#### Your objective:
Set down, exactly and with no pictures, the line that contains "Ropa de verano" and all lines after it in the listing.

#### Provided records:
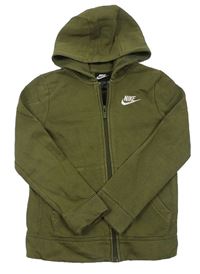 Khaki propínací mikina s logem a kapucí Nike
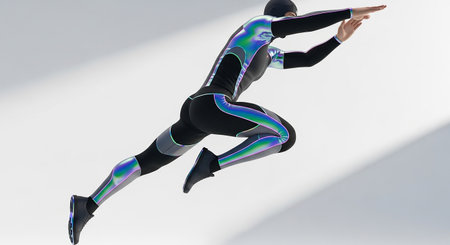 Cyborg with a glowing body running in front of a white backgroundの素材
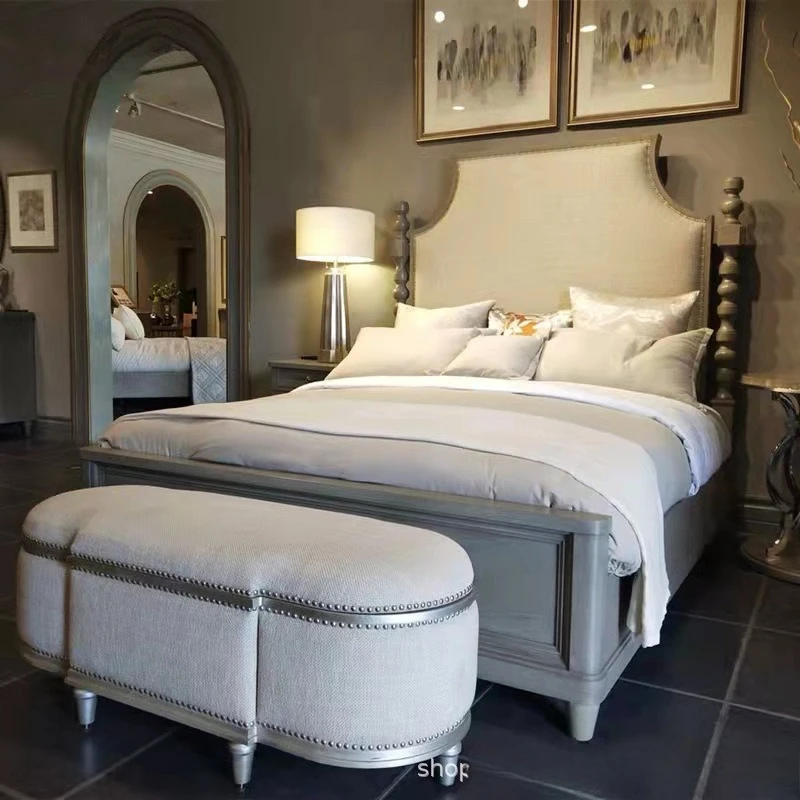 American Solid Wood French Simple Light Luxury Pillar Bed Rev Medieval Hotel Bedroom B&B Double 1.51.8m Wedding Bed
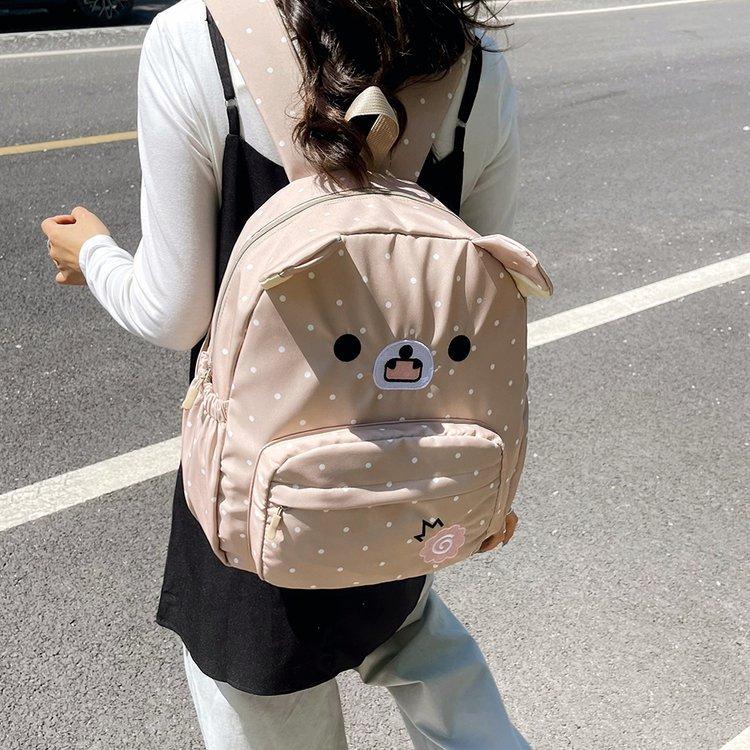 Schoolbag Japanese Cute Girl Polka Dot Bear Schoolbag Girl Children's Kindergarten Small Backpack Travel Light Backpack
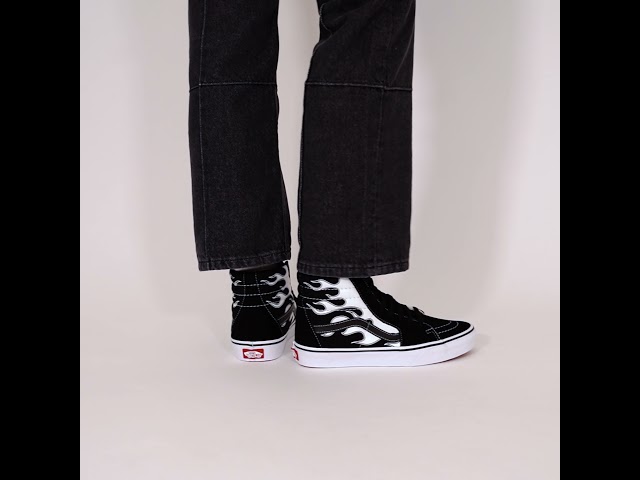 vans sk8 hi white flame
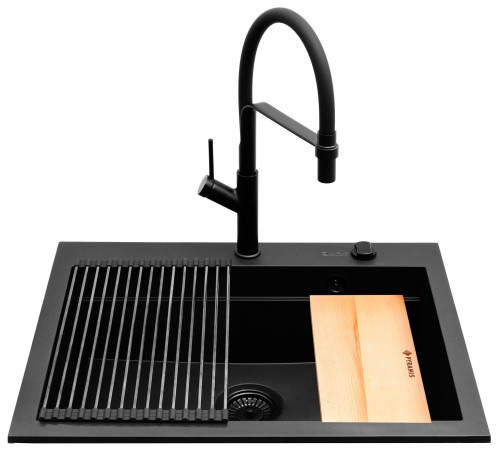 Zlew SIROS (67x51,5) 1B Black Edition + Bateria FLEXOS Granitan – archiwalne 1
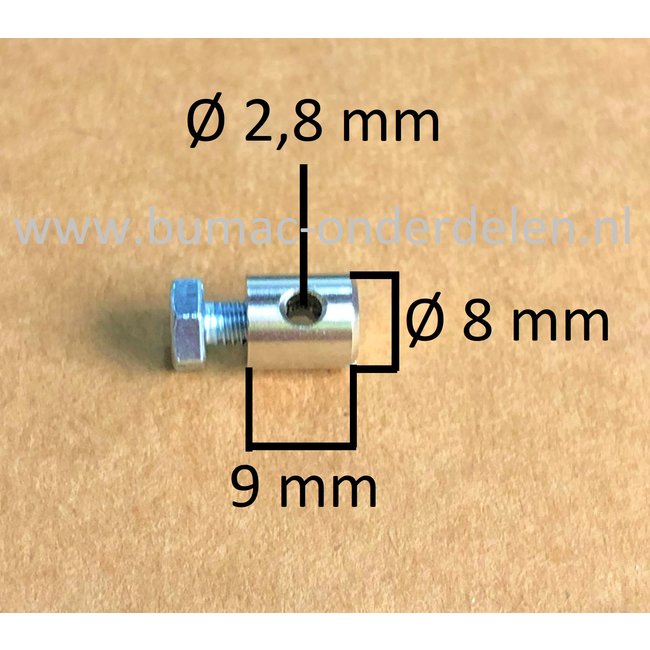 Schroefton voor Kabels tot Ø 2,8 mm Bevestigingsnippel om Binnenkabels op Maat te Maken, Schroefnippel voor Grasmaaier, Zitmaaier, Tuinfrees, Tuintrekker, Kooimaaier, Brommer, Cart, Scooter, Hakfrees Schroefton 9x8x2,8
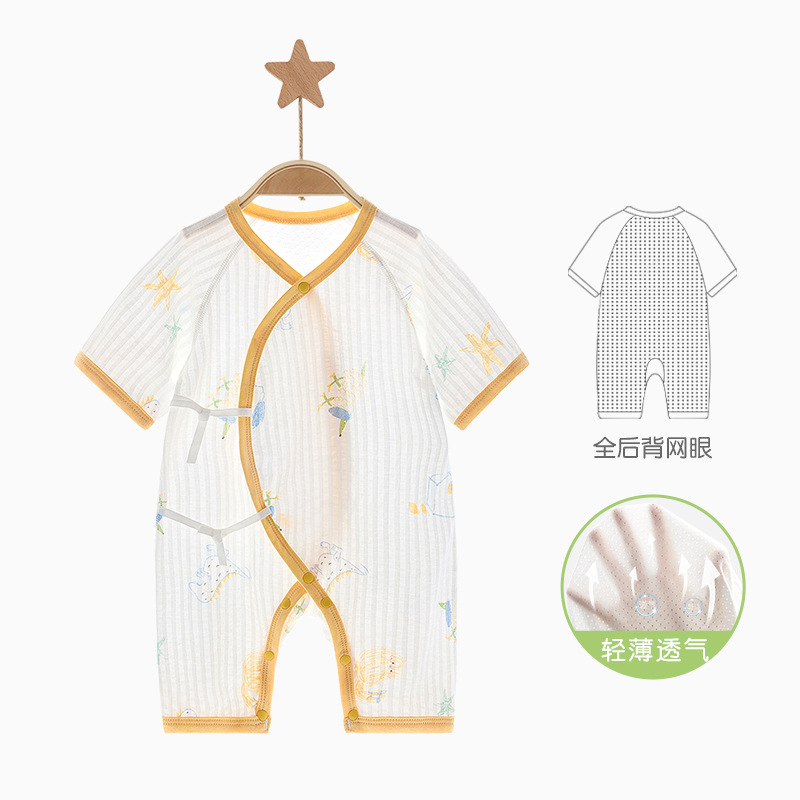 Ropa de verano para bebé recién nacido, estilo fino, manga corta, 0-3 meses, mono unisex para bebé, conjunto de verano para bebé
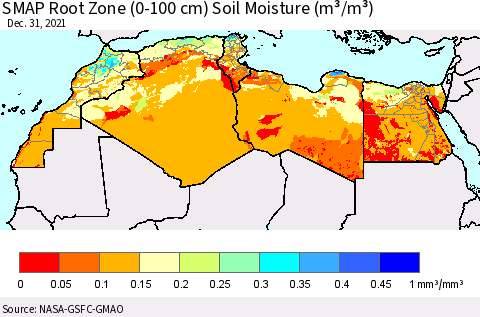 North Africa SMAP Root Zone (0-100 cm) Soil Moisture (m³/m³) Thematic Map For 12/26/2021 - 12/31/2021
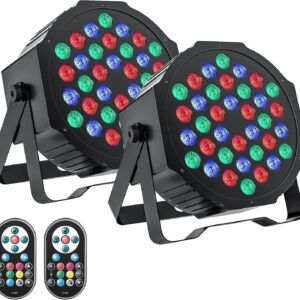 UKing LED Par Lights DJ Stage Light Corded RGB 36 LED with Sound Activated Control DJ Uplighting for Wedding Party Club Christmas Stage Lighting (2 Packs)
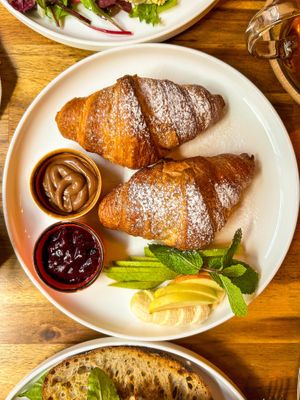Croissants with chocolate dip and jam at Palo Verde in Prague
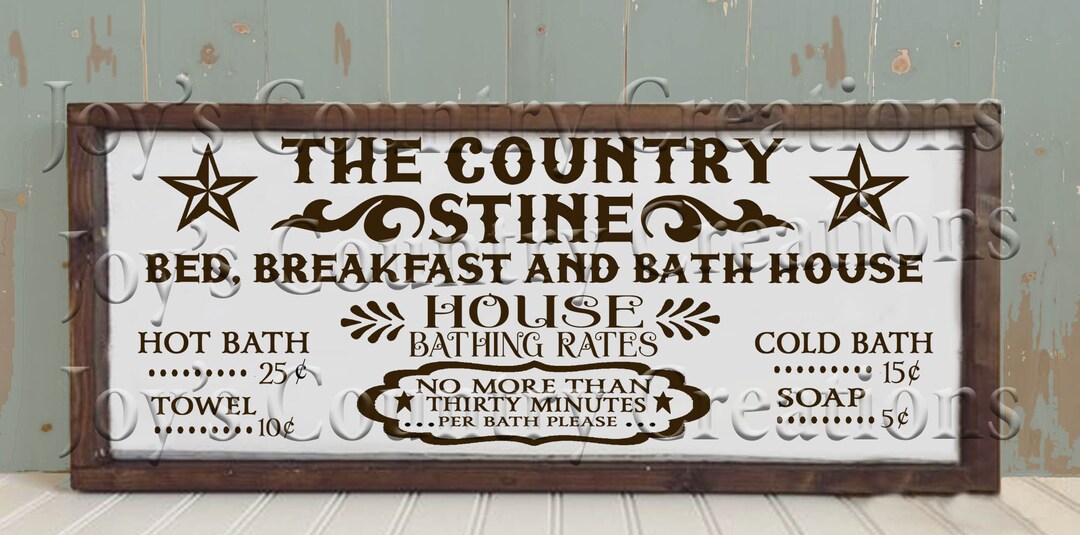 The Country Bed and Breakfast Name Horizontal SVG PNG JPEG Etsy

#### Answer box:
 Ropa de verano para bebé recién nacido, estilo fino, manga corta, 0-3 meses, mono unisex para bebé, conjunto de verano para bebé
 North Africa SMAP Root Zone (0-100 cm) Soil Moisture (m³/m³) Thematic Map For 12/26/2021 - 12/31/2021
 UKing LED Par Lights DJ Stage Light Corded RGB 36 LED with Sound Activated Control DJ Uplighting for Wedding Party Club Christmas Stage Lighting (2 Packs)
Croissants with chocolate dip and jam at Palo Verde in Prague
 The Country Bed and Breakfast Name Horizontal SVG PNG JPEG Etsy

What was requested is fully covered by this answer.